The European Commission, which oversees the world’s largest carbon cap-and-trade program, proposed that serial numbers of carbon permits shouldn’t be visible to market participants.
“We have doubts on the benefits of the prohibition of the disclosure of serial numbers,” Ruiz said. “Regarding the delay, the commission doesn’t foresee any exemptions for automated transactions.”
30 Carbon Warehouses
The common registry will replace the current system starting in 2013. Transactions in emission permits are now tracked by about 30 national carbon warehouses. While most of the measures will be applicable to the single registry, some may become mandatory in the current trading system from 2008 to 2012, Yvon Slingenberg, head of the emissions unit at the commission, said in March.
“I’m confident that member states will back the measures, as they reflect what stakeholders suggested during the consultations that we had,” Isaac Valero-Ladron, Brussels climate spokesman for the commission, said today by phone. The plan is subject to approval by the EU climate change committee, composed of representatives of the member states, as well as the European Parliament.

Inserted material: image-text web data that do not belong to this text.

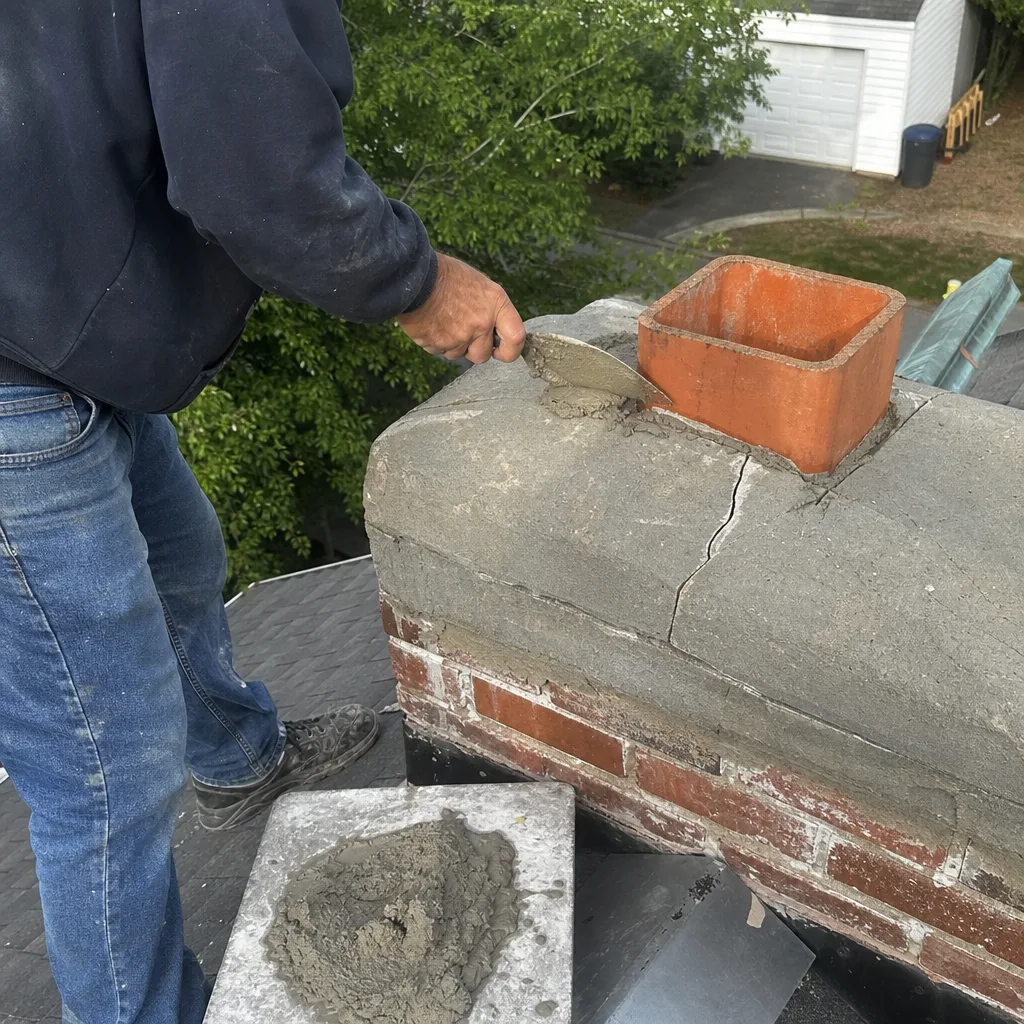 Chimney Cap & Crown Installation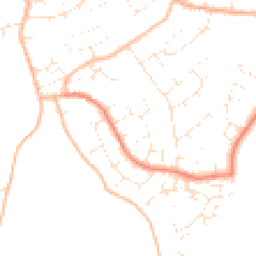 Daytime road noise heatmap for TA1 4NZ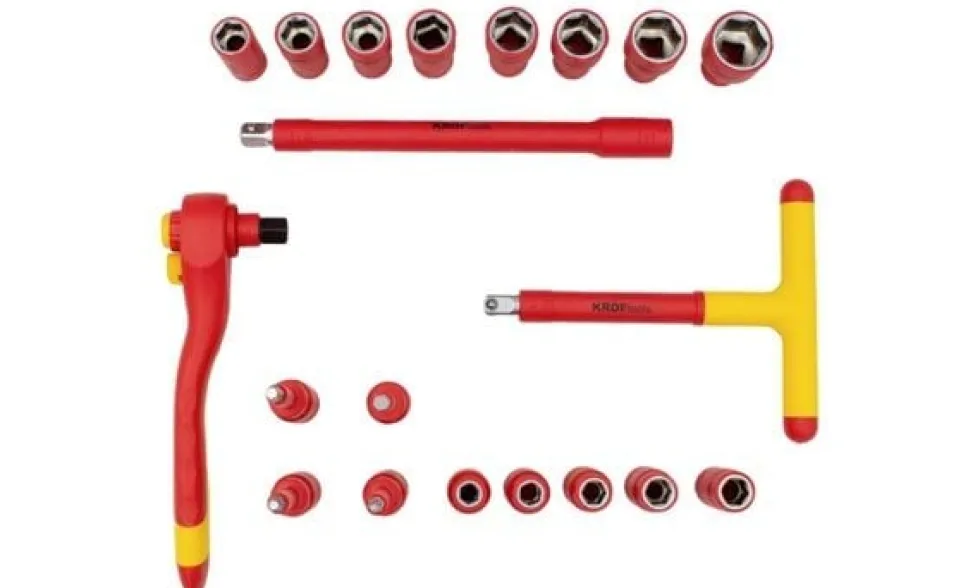 Jogo Chaves de Caixa Isoladas VDE 1/2” 20 Pcs Kroftools 3020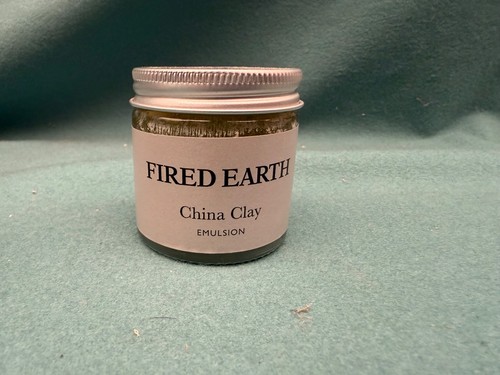 Fired earth paint sample - fired,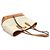 Salvatore Ferragamo Borsa a spalla Gancini Jacquard avorio in tono oro Bianco - vista 4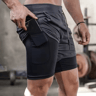 Camo Running Shorts For Men  2in1 QuickDry Gym  Fitness Jogging Shorts 6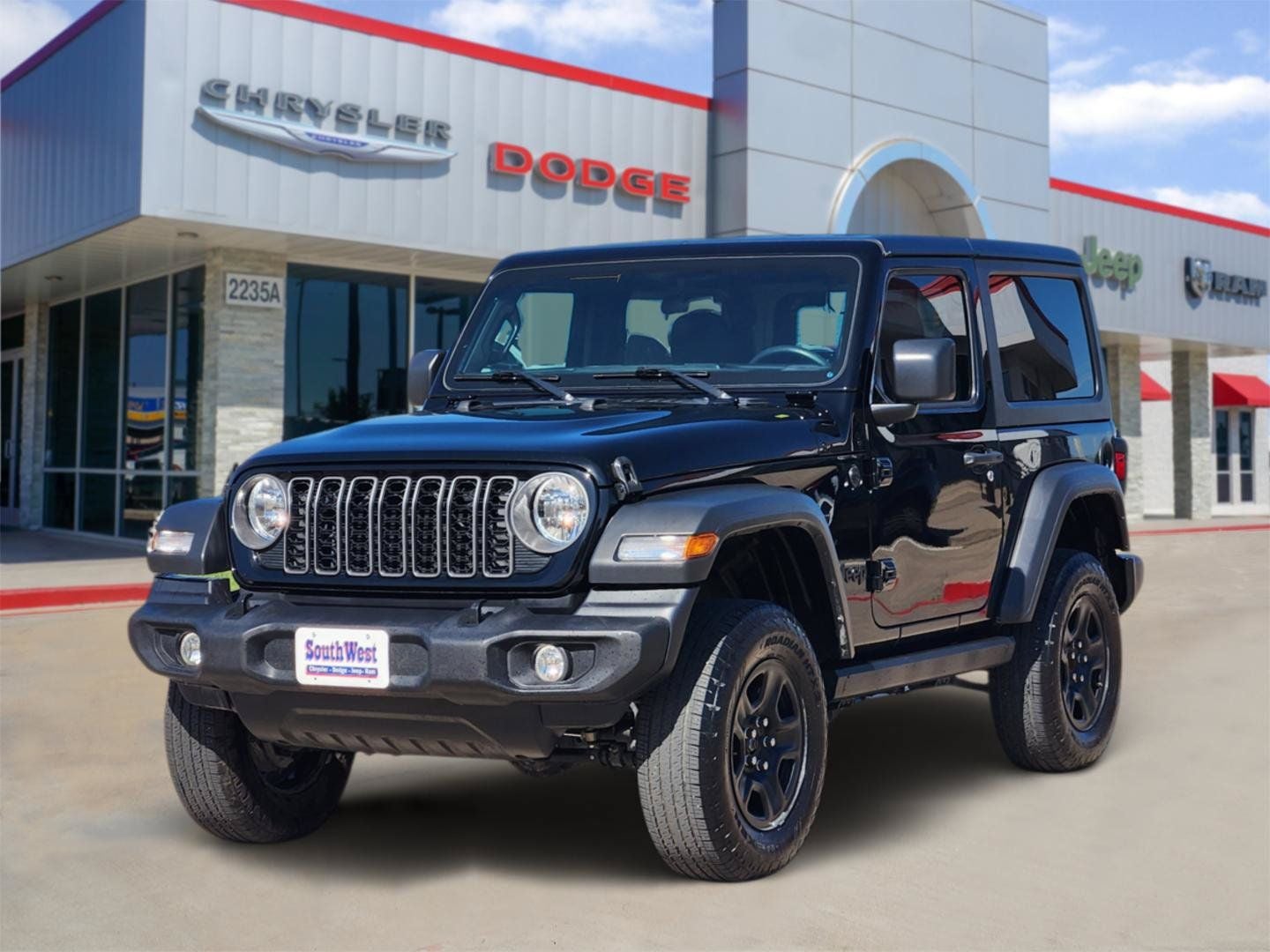 2025 Jeep Wrangler — side profile view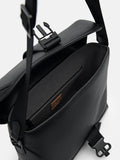 PEDRO Icon Leather Messenger Bag - Black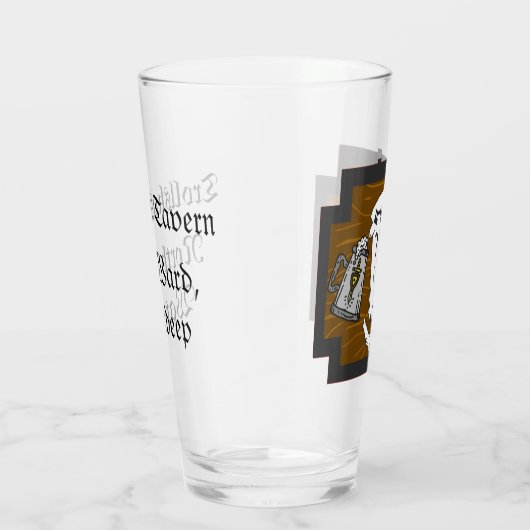 Trollskull Tavern-herdenking Glas (Rechts)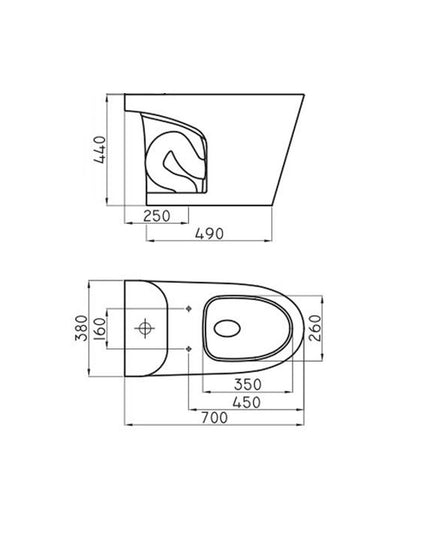 FERRUM MARINA INODORO LARGO 6LTS NEGRO IHLMJ-N  MAR-IN-007-NE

The measures proposed include establishing a harmonized alert mechanism in case of emergency, exchange of information on suspected fraud and a two-factor identification of users.
Trusted Accounts Lists
The draft also provides for the creation of trusted accounts lists from June 30, 2012, in the EU registry. Accounts held by the same holder should be automatically included on the trusted lists. Transfer of allowances to an account not included in such a list should be subject to approval by an additional representative, according to the draft.
Spot carbon permits fell 1.4 percent today on the BlueNext exchange in Paris.

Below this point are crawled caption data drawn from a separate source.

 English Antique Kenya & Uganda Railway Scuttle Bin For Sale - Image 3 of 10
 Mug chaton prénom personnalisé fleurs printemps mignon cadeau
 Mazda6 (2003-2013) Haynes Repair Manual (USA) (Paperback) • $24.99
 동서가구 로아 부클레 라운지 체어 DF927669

The move to the single registry is designed to ensure better control and uniform standards for recording transactions in the six-year-old EU emissions trading system. Some member states and firms neglected security rules in national registries, Jos Delbeke, director general for climate at the commission, said on Jan. 28.
The EU emissions program, known as the ETS, is the cornerstone of Europe’s plan to cut greenhouse gases that scientists blame for climate change. It imposes pollution limits on companies including Germany’s utility RWE AG and France’s Electricite de France SA, leading to a cap in 2020 that will be 21 percent below 2005 discharges. Emitters that produce less carbon dioxide than their quota can sell surplus allowances and those exceeding their limits must either buy additional permits or pay a fine of 100 euros per metric ton of CO2.
The commission has already demanded that national registries implement additional identification checks and prove they meet minimum security requirements after hackers illegally transferred about 4 million permits from Austria, the Czech Republic, Italy, Greece and Romania.
Separately, the commission is also working to improve supervision of the spot carbon market, which accounts for 10 percent to 15 percent of emissions trading in the EU.
The commission sought opinions yesterday from traders, emitters, national authorities and climate experts on whether spot carbon trading should be subject to a tailor-made oversight regime or to the existing EU rules on financial instruments. The EU regulator plans to present a draft supervision proposal later this year.